Je leur donne un ordre d'idée pour les quantitiés en fonction du public ciblé et la durée des cures.

A l'issue de la présentation, j'ai plusieurs questions que je trouve très pertinentes. Ils sont déjà en train de réfléchir de quelle manière ils pourraient l'aborder avec la population de Sabou. Ils parlent de sketchs, de pièces de théâtre. Je les laisse parler entre eux. Je me réjouis de l'interêt qu'ils ont pour la spiruline et la malnutrition en général. Django, le secrétaire de la maison des jeunes, déplore le manque d'outils de communication. Je m'engage à lui faire parvenir des planches illustrées rapidement pour que leur équipe se l'approprie. Je m'en occuperai à mon retour en France et je ferai passer tout ceci par l'intermédiaire de la prochaine mission.
Django voudrait avoir dans l'avenir d'autres apports théoriques. J'en parlerai à Albert. J'insiste vraiment sur l' « approche santé communautaire ». J'explique en fin de séance sous le coup de l'humour que mettre des affiches de spiruline sans accompagner le message ou faire venir une « na sara » une fois de temps en temps ne marche pas ! Il faut que les personnes qui ont eu des cicatrisations et des rétablissements plus rapides grace à la spiruline s'expriment. Il faut que ceux qui véhiculent la promotion la goutent. Il faut être convaincus pour convaincre !
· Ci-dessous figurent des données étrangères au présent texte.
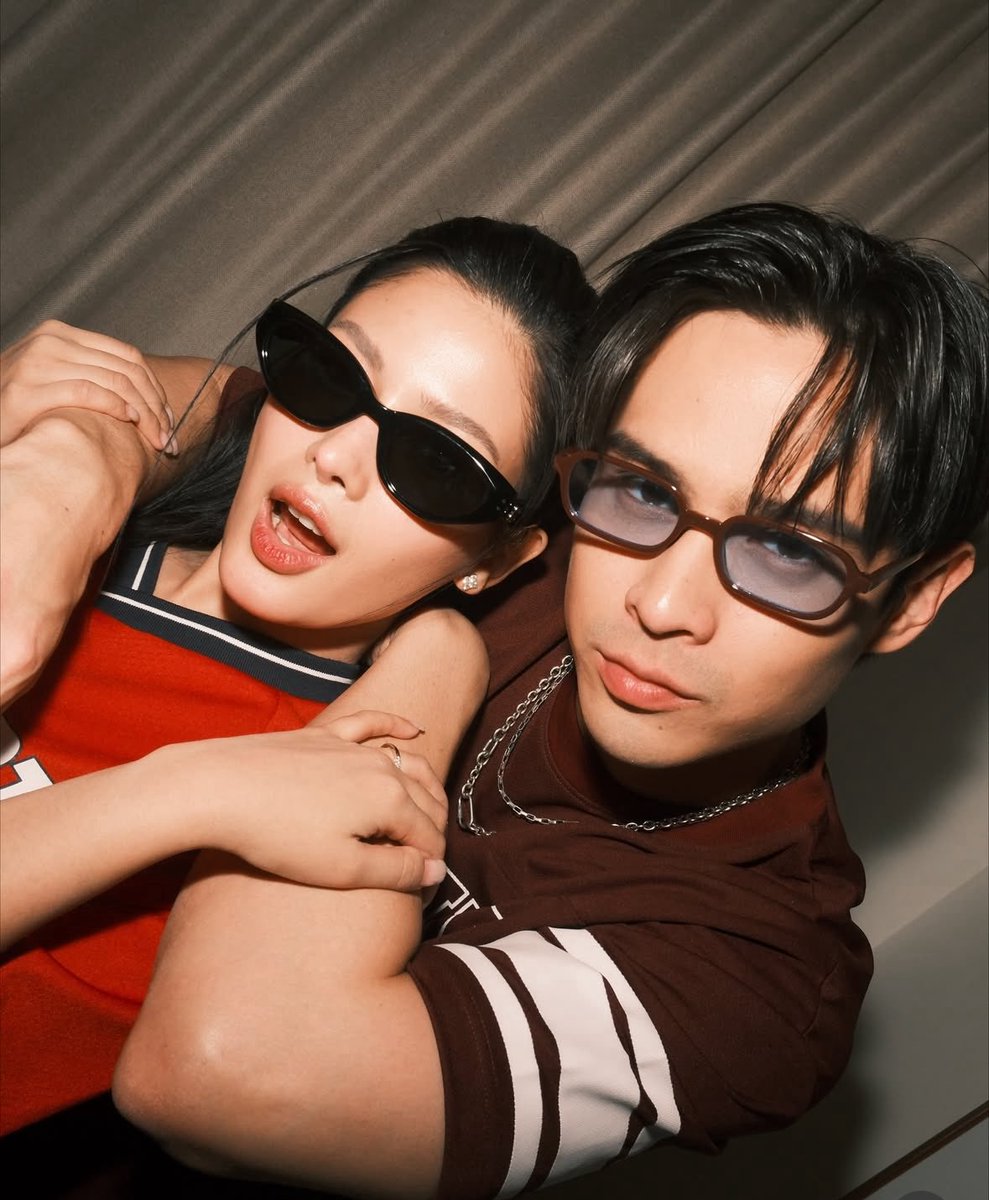 _azapralphic's tweet image. so this is the official photoshoot of AzRalph as couple?!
La journée se finit à Koudougou (20 km de Sabou) pour avoir une connexion internet (qui ne marchera pas en fin de compte). Gilbert et Allassane nous amènent avec les bretonnes en moto. Nous sommes cinq. Il y a deux motos. Je vous laisse imaginer...

Découverte du jour : Sur le trajet de Koudougou, Gilbert me montre des tas de granits sur le bas côté de la route. Il m'explique que ce sont les femmes qui les concassent à la main. Des entreprises de travaux publics viennent ensuite les récupérer pour refaire des routes.